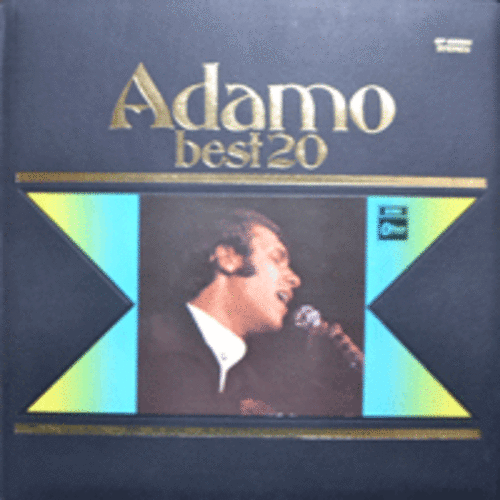 ADAMO - BEST 20  (이태리 &quot;시칠리&quot;출신의 가수 작사 작곡자/CRIER TON NOM/&quot;사랑은 당신처럼&quot; 수록/고급 장정 자켓/ * JAPAN) NM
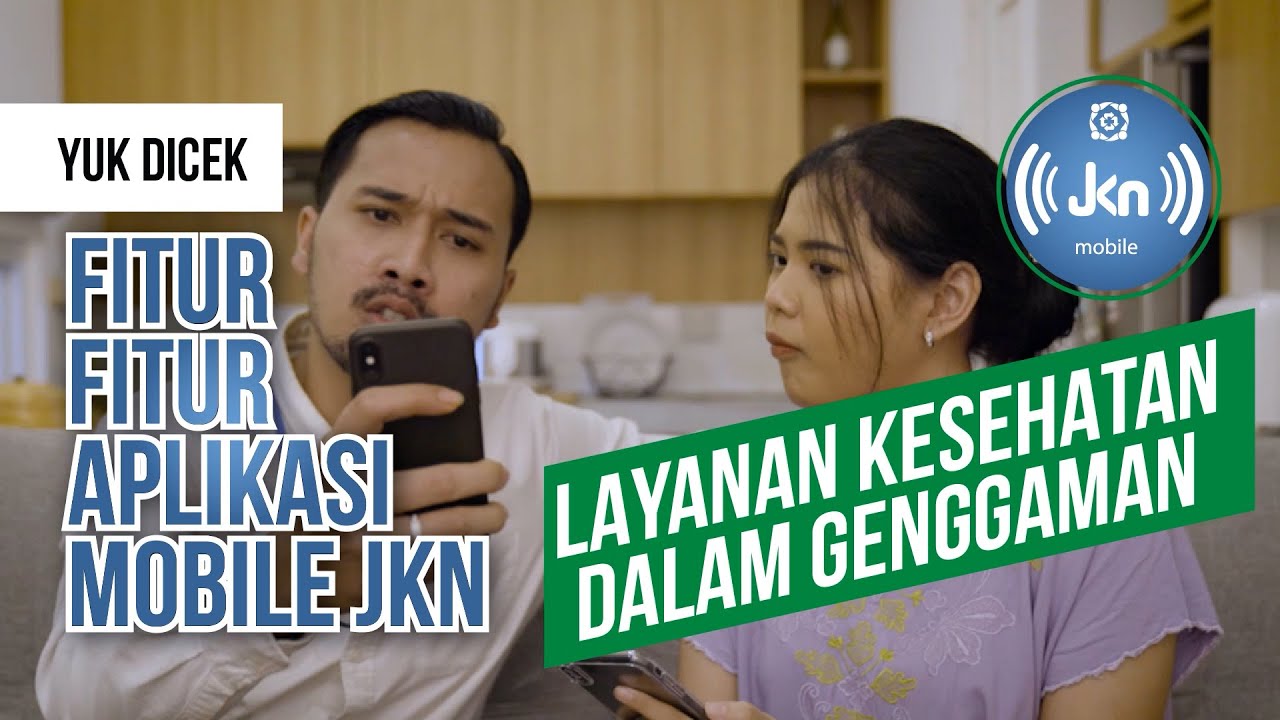 YUK DICEK FITUR-FITUR APLIKASI MOBILE JKN | LAYANAN KESEHATAN DALAM GENGGAMAN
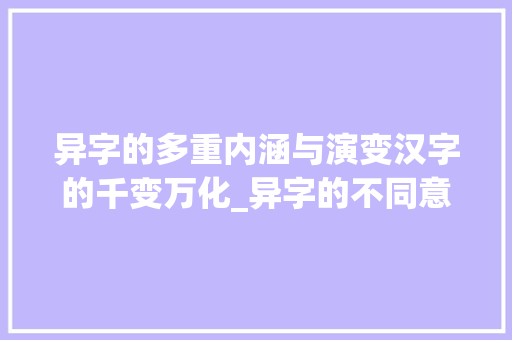 异字的多重内涵与演变汉字的千变万化_异字的不同意思怎么写的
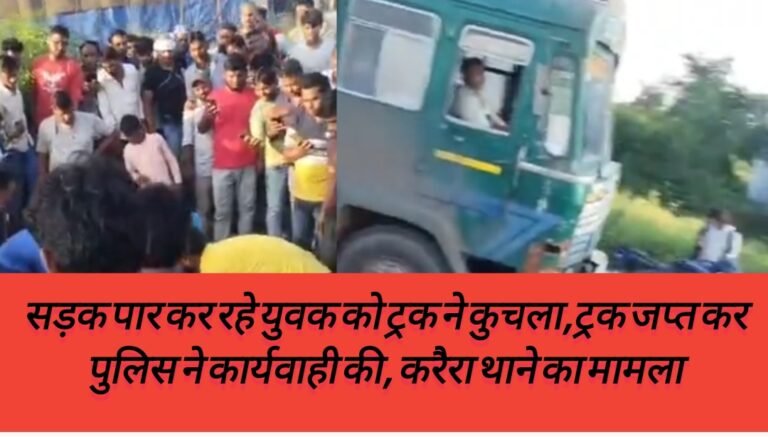 सड़क पार कर रहे युवक को ट्रक ने कुचला,ट्रक जप्त कर पुलिस ने कार्यवाही की, करैरा थाने का मामला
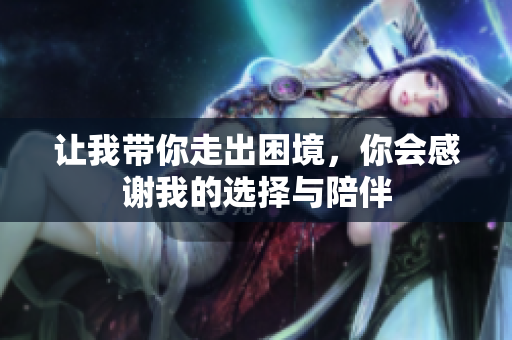 让我带你走出困境，你会感谢我的选择与陪伴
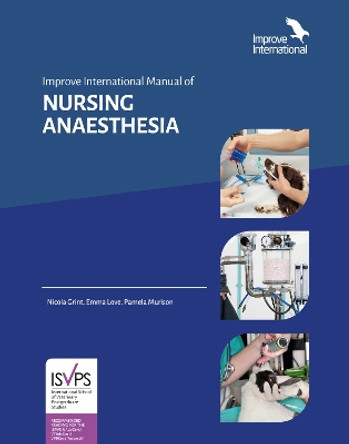 Improve International Manual of NURSING ANAESTHESIA by Nicola Grint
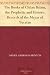 The Books of Chilan Balam, the Prophetic and Historic Records of the Mayas of Yucatan The Books of Chilan Balam, the Prophetic and Historic Records of the Mayas of Yucatan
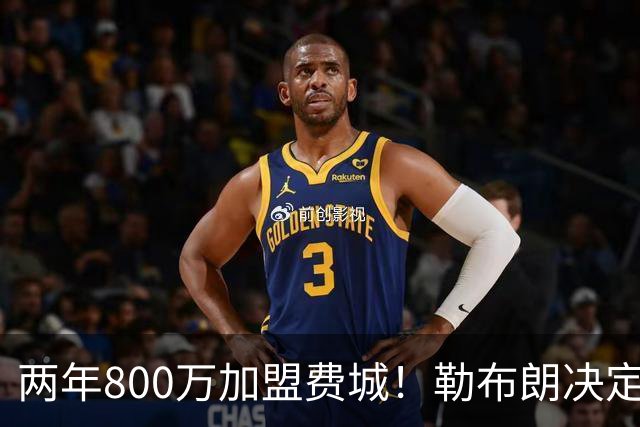 两年800万加盟费城！勒布朗决定4最终确定：76人四巨头成夺冠大热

-*-

* PROBLEM TO SOLVE *
Leave out the pictures and repeat exactly the lines from the start of the material through the line that contains "Improve International Manual", both included.

* EXERCISE ANSWER *
 ADAMO - BEST 20  (이태리 &quot;시칠리&quot;출신의 가수 작사 작곡자/CRIER TON NOM/&quot;사랑은 당신처럼&quot; 수록/고급 장정 자켓/ * JAPAN) NM
 YUK DICEK FITUR-FITUR APLIKASI MOBILE JKN | LAYANAN KESEHATAN DALAM GENGGAMAN
 异字的多重内涵与演变汉字的千变万化_异字的不同意思怎么写的
 सड़क पार कर रहे युवक को ट्रक ने कुचला,ट्रक जप्त कर पुलिस ने कार्यवाही की, करैरा थाने का मामला
 让我带你走出困境，你会感谢我的选择与陪伴
 Improve International Manual of NURSING ANAESTHESIA by Nicola Grint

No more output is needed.